Andy White

University of Texas at Austin – No. 12
- Position: QB

Personal information
- Height: 6 ft 2 in (1.88 m)
- Weight: 195 lb (88 kg)

Career history
- High school: Lee High School (Houston)

= Andy White (American football) =

Andrew Benjamin White, Jr. was a manager of advanced computer projects at the Los Alamos National Laboratory where he served as the Deputy Associate Director of the Theory, Simulation and Computing Directorate, and the Roadrunner Project Director from 2006-2012. Before that, he founded and served as Director of the Los Alamos Advanced Computing Laboratory (1989-1998) and Program Manager for the Department of Energy (DOE) High Performance Computing and Communications program. As a college student he had been a quarterback for the University of Texas Longhorns football team. He started one game in 1966 against the Oklahoma Sooners.

==Early life==
White was the son of a prominent Houston lawyer and an exceptional student and athlete, who served as class president, tied for class valedictorian, and was a highly rated football player. Out of high school he was recruited by almost every team in the Southwest Conference, others in the Southeast and Mideast and by Ivy League schools like Yale, Princeton and Brown, but turned them down to go to Texas, where his father went, as a Plan II student, on an academic scholarship, and play football for Darrell Royal.

==Football career==
In 1966, Andy White was a backup quarterback to fellow sophomore Bill Bradley. He saw limited action in the first two games of the season, missing on three passes and losing seven yards running. But then he took over when Bradley injured his knee during the 3rd quarter of the Indiana game. With the Longhorns up 14-0, White threw for one touchdown, completed 6 of 8 passes, and led an error-free offense to three touchdowns and a 35-0 win over Indiana. The following week against arch-rival Oklahoma, he got the first and only start of his career. Though White accounted for more than 150 yards of total offense, he also threw 2 interceptions and Oklahoma took an early lead. A late Texas rally capped by his only rushing touchdown narrowed the lead to 15-9, but Oklahoma came back to kick a game-cinching field goal and thus Oklahoma broke its streak of 8 straight losses in the Red River Rivalry. When Bradley came back, White again moved to the sidelines, coming in for a few plays over the next two games.

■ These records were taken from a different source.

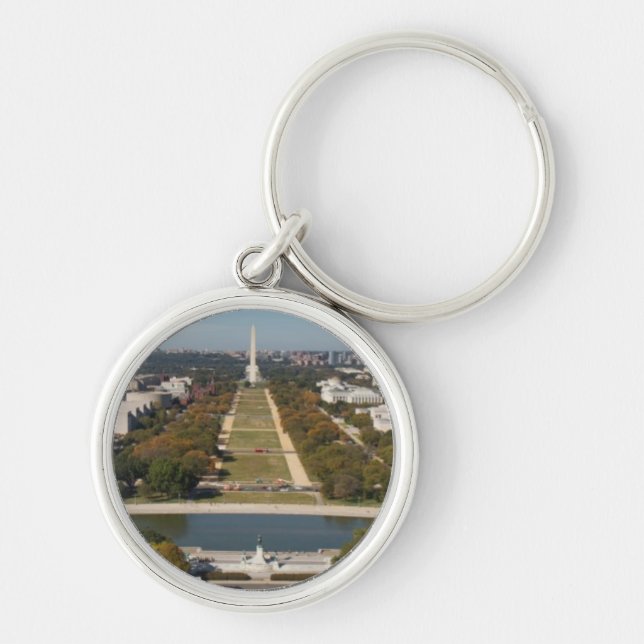A landscape view of Washington DC Key Ring (Front)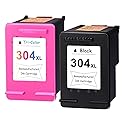 Compatible for HP 304XL Ink Cartridges Combo 304XL High Yield Inkjet Printer Cartridge for HP AMP 100 120 125 130 for HP Deskjet 2620 2622 2632 for HP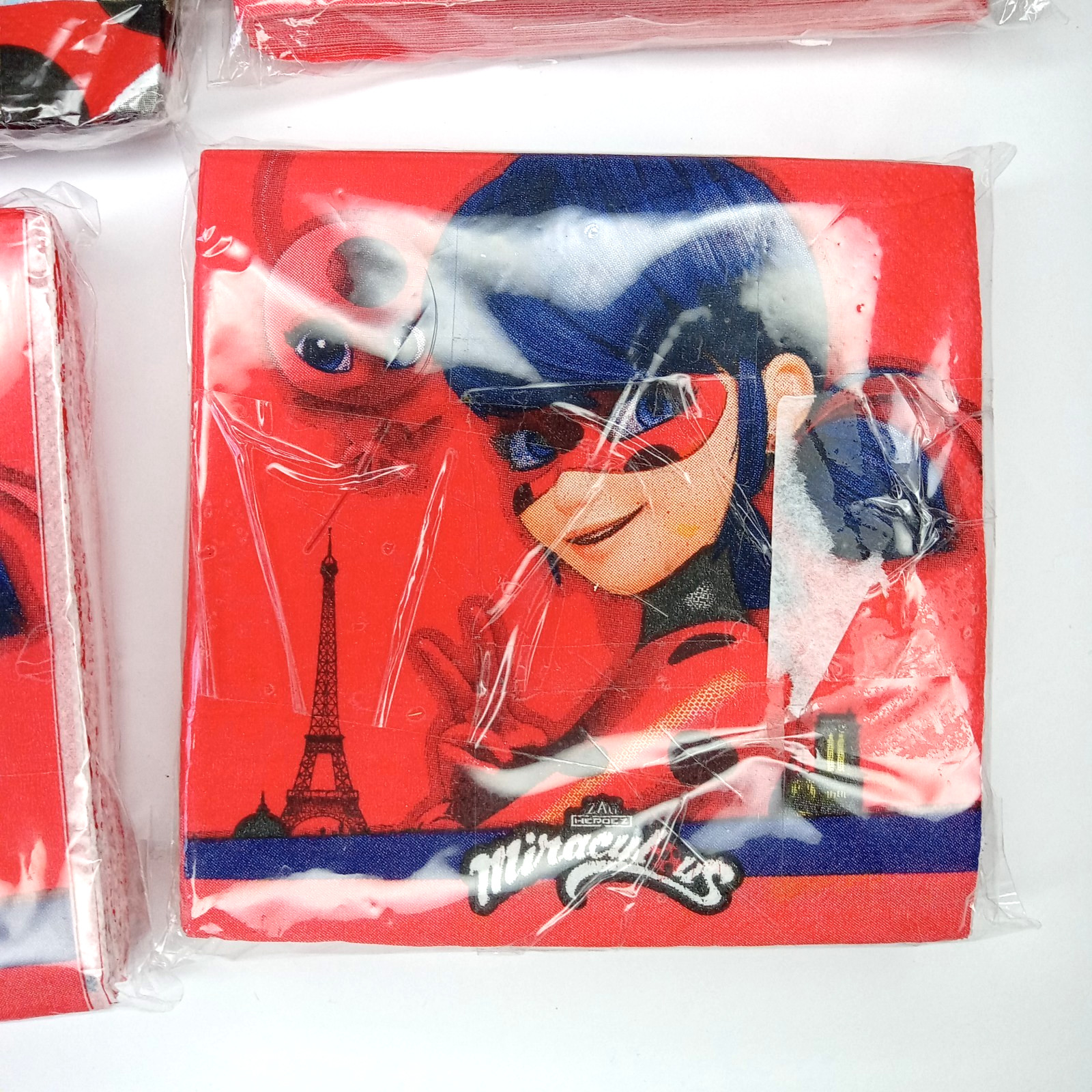 Miraculous Ladybug Paper Party Napkins Lot of 4 Packs – Birthday Party Supplies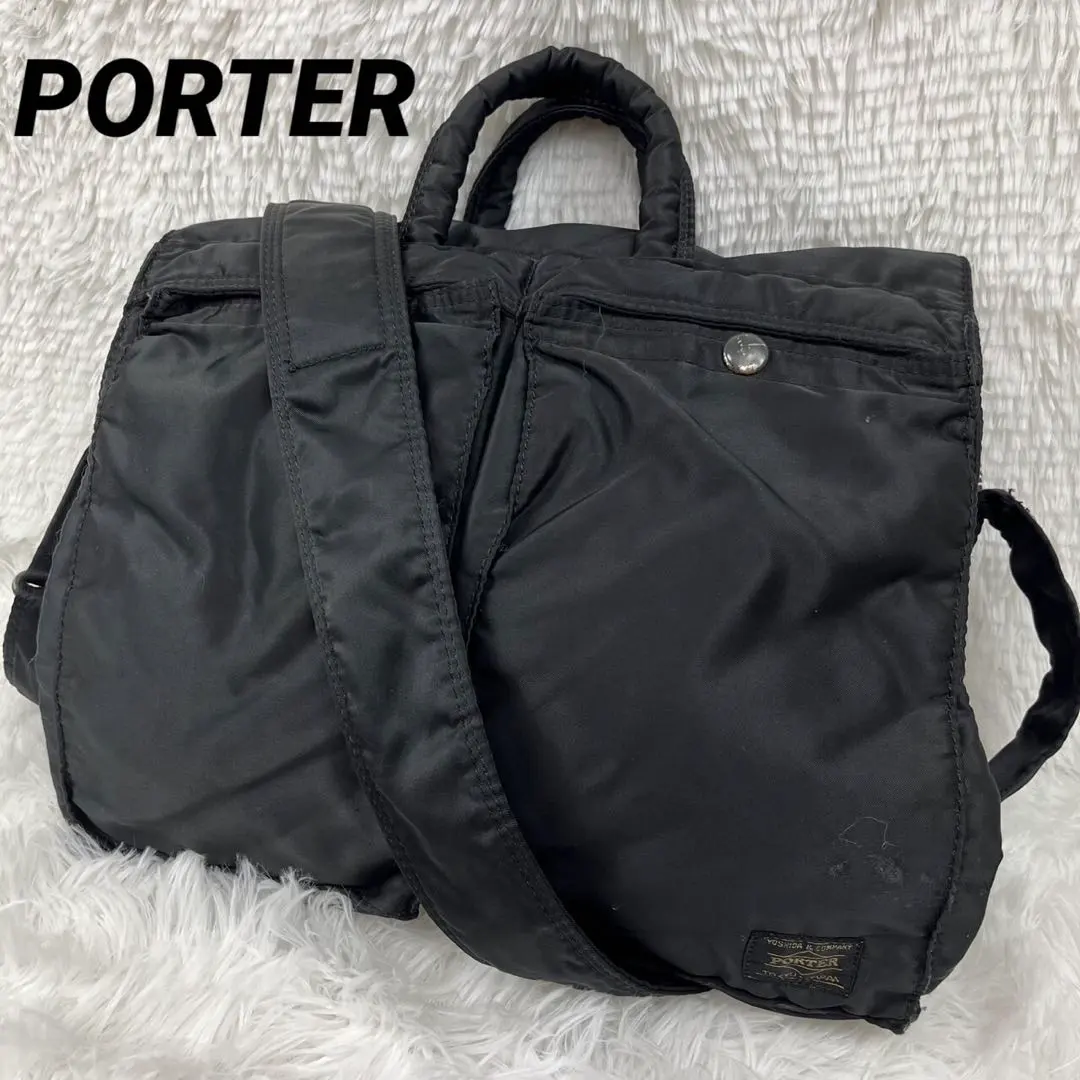 PORTER 波特 2way TANKER 肩背包 頭盔包 的縮圖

With Bradley settled into the quarterback position, White was moved to wingback, and played in two more games before the end of the season, rushing for 20 yards.

In 1967, he was moved again, this time to tight end. He got into only one game, catching one 18 yard pass against Rice. In March 1968, faced with the prospect of being the #4 wingback, White quit the football team.

The summer before he graduated, Emory Bellard recruited White to help him refine the wishbone formation that would eventually help Texas win the 1969 National Championship.

==Science career==
White finished his degree at Texas and then earned a PhD in applied mathematics from Caltech. He returned to Texas as a mathematics professor, before moving on to the Los Alamos National Laboratory in 1979 where he served as Program Manager for the Department of Energy (DOE) High Performance Computing and Communications program. Shortly after arriving at Los Alamos, White became deputy leader of a group that began LANL's research efforts into parallel processing. Finding the machines then available inadequate, White founded the Advanced Computing Laboratory in 1989 which utilized the first massively parallel computer suitable for scientific problems. He continued as director of the ACL until 1998 when he was appointed Director of the Laboratory's Delphi Project. White served as an Associate Director of the National Science Foundation (NSF) Science and Technology Center for Research on Parallel Computation, a member of the ad hoc Task Force on the Future of the NSF Supercomputing Centers (the Hayes Committee), Deputy Division Leader of Los Alamos' Computing Division, and Principal Investigator for the DOE High Performance Computing Research Center at Los Alamos. He became the Deputy Associate Laboratory Director for Theory, Simulation and Computation in 2006 and retired from LANL in 2012.